On Tuesday, the MBTA Board of Directors ambivalently approved a reduced-size 5-year capital investment budget, with warnings that declining funding will make it increasingly difficult for the agency to catch up on its $25 billion backlog of repair and maintenance needs.

The MBTA’s new $9.6 billion capital investment plan, which covers the five-year period from July 2024 through June 2029, is roughly $100 million smaller than last year’s capital plan, thanks to dwindling financial support from Governor Healey’s treasury.

Ambition vs. available resources

The capital plan approved yesterday leaves many priorities unfunded and in limbo. As in past years, it leaves many of the T’s electrification and service improvement initiatives unfunded.

In an April letter to stakeholders, MBTA General Manager Phil Eng struck an apologetic note about the proposal.

“There are more demands for capital investment than we have the resources to fund,” admitted Eng. “In addition, we anticipate constrained financial resources in the years to come, further exacerbating our challenges in meeting our capital objectives.”

The capital budget is separate from the agency’s annual operating budget, which covers day-to-day expenses like payroll and fuel costs. The capital budget pays for major construction projects, like bridge and tunnel repairs, and equipment procurements, like new transit vehicles.

But the capital budget influences the operating budget in significant ways. Disinvestment in the T’s infrastructure means that the T’s workers spend more time and money repairing obsolete equipment instead of serving riders.

And roughly half of the MBTA’s capital spending gets financed with debt, which must be repaid out of future operating budgets. This year alone, the T will pay over half a billion dollars – nearly a fifth of its operating budget – to pay off bonds it issued for past capital projects.

‘Treading water – barely’

A few months ago, MBTA officials revealed that their agency had a whopping $25 billion backlog of maintenance needs associated with infrastructure that was in need of replacement.

MBTA staff warned that with current levels of funding, that backlog is likely to grow.

“We own 75,000 assets, and each and every one of those, every day, is getting a day older,” the MBTA’s Assistant General Manager for Policy and Strategic Planning Lynsey Heffernan warned board members during Tuesday’s meeting.

Director Thomas McGee, a former state senator, observed that “we’re continuing to get farther and farther behind.”

McGee noted that besides failing to the basic needs of its existing infrastructure, the proposed budget also fails to fund long-promised projects necessary to improve service – including the electrification of the commuter rail system, new bus garages for an expanded, electric fleet, and the red-blue connector.

Instead of modernizing the T, McGee said, “we’re treading water – barely.”

Board member Mary Skelton-Roberts observed that “we continue to put money into the system, but it’s not enough to move the dial on the state of good repair… It’s not going to work just continuing to put so few dollars in, when the needs are so great.”

Under Gov.

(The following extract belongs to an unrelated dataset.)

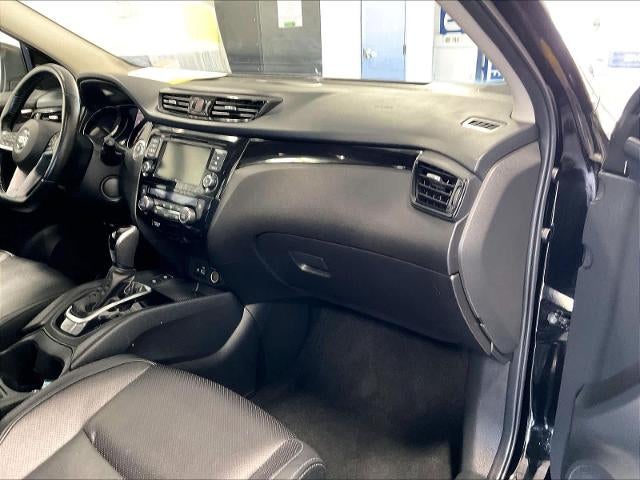 2022 Nissan Rogue Sport AWD SL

Healey, investments are declining

McGee also noted that under the Healey administration, the state’s financial support for MBTA capital budget is projected to decline precipitously over the next 5 years.

Under current state policy, funding for MBTA capital projects – which include basic “state of good repair” projects in addition to transit improvements – is slated to decline considerably over the next decade. Courtesy of the MBTA.

Governor Baker’s treasury agreed to issue state-backed bonds – that is, debt that the T will not have to pay back out of its own limited budget – to foot the bill for a number of big-ticket capital projects, including the South Coast Rail expansion project and new trains for the Orange and Red lines.

Many of these projects are still in progress, which means that the T will receive another $625 million from state taxpayers to complete those projects over the next 5 years.

But as those projects wrap up, the associated funding from the state will go away.

And since taking office 18 months ago, Governor Healey has not pledged any additional state-backed bond funding to help the T fix its infrastructure in the longer term – much less fulfill the Governor’s campaign promises of expanded, electrified transit service.